# Introduction to nested dtypes: List, Array, Object and Struct

In [1]:
from datetime import date
import polars as pl

### `pl.List` dtype

- each row is a `Series` and
- each `Series` has the same dtype

In [2]:
df_lists = pl.DataFrame(
    {
        "ints": [[0, 1], [2, 3]],
        "floats": [[0.0, 1.0], [2.0, 3.0]],
        "strings": [["0", "1"], ["2", "3"]],
    }
)
df_lists

ints,floats,strings
list[i64],list[f64],list[str]
"[0, 1]","[0.0, 1.0]","[""0"", ""1""]"
"[2, 3]","[2.0, 3.0]","[""2"", ""3""]"


The `pl.List` dtype can have a variable number of elements per row. 

There is also a `pl.Array` dtype optimized for cases where all rows have the same number of elements

In [10]:
df_lists.with_columns(
    ints_array = pl.col("ints").cast(pl.Array(shape=2, inner=pl.Int64))
)

ints,floats,strings,ints_array
list[i64],list[f64],list[str],"array[i64, 2]"
"[0, 1]","[0.0, 1.0]","[""0"", ""1""]","[0, 1]"
"[2, 3]","[2.0, 3.0]","[""2"", ""3""]","[2, 3]"


## Object dtype
We create a column with an object dtype when the lists cannot be cast to a homogenous type

In [11]:
df_object = pl.DataFrame(
    {
        "mixed": [
            [1, 2.0, b"d", date(2022, 1, 1)],
        ]
    },
    strict=False,
)
df_object

mixed
object
"[1, 2.0, b'd', datetime.date(2022, 1, 1)]"


In [12]:
df_object[0,0]

[1, 2.0, b'd', datetime.date(2022, 1, 1)]

In [13]:
type(df_object[0,0])

list

## `pl.Struct` dtype
The `pl.Struct` dtype is basically a nested set of columns inside a single `DataFrame` column. 

The nesting can have multiple levels.

In [14]:
df_struct = (
    pl.DataFrame(
        {
            "year":[2020,2021],
            "trades":[
                {"exporter":"India","importer":"USA","quantity":0.0},
                {"exporter":"India","importer":"USA","quantity":1.5},
            ]
          }
    )
)
df_struct

year,trades
i64,struct[3]
2020,"{""India"",""USA"",0.0}"
2021,"{""India"",""USA"",1.5}"


The keys in a struct column are called `fields`.

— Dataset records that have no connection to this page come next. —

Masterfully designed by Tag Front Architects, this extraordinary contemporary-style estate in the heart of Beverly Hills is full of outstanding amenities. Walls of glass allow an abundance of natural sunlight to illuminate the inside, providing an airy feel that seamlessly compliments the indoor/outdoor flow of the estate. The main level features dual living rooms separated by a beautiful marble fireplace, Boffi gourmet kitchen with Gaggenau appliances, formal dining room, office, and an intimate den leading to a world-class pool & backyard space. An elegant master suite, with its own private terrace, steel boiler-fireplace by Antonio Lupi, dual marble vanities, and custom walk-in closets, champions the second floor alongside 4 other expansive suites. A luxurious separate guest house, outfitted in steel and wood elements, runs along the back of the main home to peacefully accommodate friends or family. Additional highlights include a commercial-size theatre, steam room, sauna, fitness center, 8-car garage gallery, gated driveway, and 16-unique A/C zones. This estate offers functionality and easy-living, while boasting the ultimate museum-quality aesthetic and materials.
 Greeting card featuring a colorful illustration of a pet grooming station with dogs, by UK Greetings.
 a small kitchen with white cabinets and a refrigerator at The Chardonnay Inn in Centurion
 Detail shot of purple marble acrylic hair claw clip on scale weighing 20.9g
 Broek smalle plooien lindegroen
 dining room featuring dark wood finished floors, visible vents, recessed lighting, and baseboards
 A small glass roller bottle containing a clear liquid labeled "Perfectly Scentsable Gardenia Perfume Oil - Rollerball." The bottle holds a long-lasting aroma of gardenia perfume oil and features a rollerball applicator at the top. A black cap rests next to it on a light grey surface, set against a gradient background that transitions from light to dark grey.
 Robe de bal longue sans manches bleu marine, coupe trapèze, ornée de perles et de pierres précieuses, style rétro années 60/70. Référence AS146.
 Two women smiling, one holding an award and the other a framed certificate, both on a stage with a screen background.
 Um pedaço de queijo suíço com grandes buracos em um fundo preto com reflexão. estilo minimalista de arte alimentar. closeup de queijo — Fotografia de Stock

We can list the keys with `struct.fields` on a `Series`

In [15]:
df_struct["trades"].struct.fields

['exporter', 'importer', 'quantity']

### Accessing  `pl.Struct` fields

In [17]:
df_struct.select(
    pl.col("trades").struct.field("exporter")
)

exporter
str
"""India"""
"""India"""


### Modifying data in a `pl.Struct`
We can add or modify fields inside a `pl.Struct` column inside a `struct.with_fields` expression.

In [18]:
df_struct.with_columns(
    pl.col("trades").struct.with_fields(
        pl.col("trades").struct.field("exporter").str.to_uppercase(),
        round_quantity = pl.col("trades").struct.field("quantity").round(0)
    )
)

year,trades
i64,struct[4]
2020,"{""INDIA"",""USA"",0.0,0.0}"
2021,"{""INDIA"",""USA"",1.5,2.0}"


### Extracting data from a `pl.Struct`

Convert a nested `pl.Struct` column into unnested columns using the `unnest` expression and `DataFrame` method.

In [None]:
df_struct["trades"].struct.unnest()  # unnest particular column

exporter,importer,quantity
str,str,f64
"""India""","""USA""",0.0
"""India""","""USA""",1.5


In [None]:
df_struct.unnest("trades")  # unnest df based on particular column

year,exporter,importer,quantity
i64,str,str,f64
2020,"""India""","""USA""",0.0
2021,"""India""","""USA""",1.5


Multiple layers nesting struct column

In [21]:
df_struct_deep = pl.DataFrame(
    {
        "trades": [
            {"countries": {"exporter": "India", "importer": "USA"}, "quantity": 0.0},
            {"countries": {"exporter": "India", "importer": "USA"}, "quantity": 1.5},
        ]
    }
)
df_struct_deep


trades
struct[2]
"{{""India"",""USA""},0.0}"
"{{""India"",""USA""},1.5}"